After a period of calm in U.S.-Chinese relations, in which U.S. China policy stressed economic engagement, cooperation against terrorism and stability in the Taiwan Strait, attention has returned to the military and economic rise of China and the challenges to American security.
China's economy has been growing at 9 percent per year since 1979. China's reforms have transformed its bankrupt socialist system into an increasingly unregulated and openly trading economy that drives economic growth throughout the world. Since the early part of this decade, China has been replacing the United States as the most important market for all of East Asia. Japan, South Korea, Taiwan and Singapore already export more to China and send more investment capital to China than they do to the United States. The export and investment trends elsewhere in East Asia make it increasingly clear that the East Asian economies depend more on China than on the United States for economic growth, employment and political stability.

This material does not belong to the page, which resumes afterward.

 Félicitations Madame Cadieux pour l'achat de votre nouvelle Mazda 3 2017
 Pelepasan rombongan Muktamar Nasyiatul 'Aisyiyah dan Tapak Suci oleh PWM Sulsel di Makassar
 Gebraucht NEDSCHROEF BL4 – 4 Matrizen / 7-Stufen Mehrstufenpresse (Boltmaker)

Moreover, Chinese trade policy actively reinforces these trends. Its free trade agreements with the ASEAN countries promote expansion of their exports to China. The result of these developments is the determined emergence of an East Asian economic system with China as its hub.
Will Chinese economic power cause local states to align increasingly with China? The behavior of the regional states clearly answers this question. Where the United States retains military supremacy, states are enhancing their military cooperation with the United States, despite regional economic trends. The rise of Chinese economic influence is not a threat to U.S. strategic interest in a divided East Asia.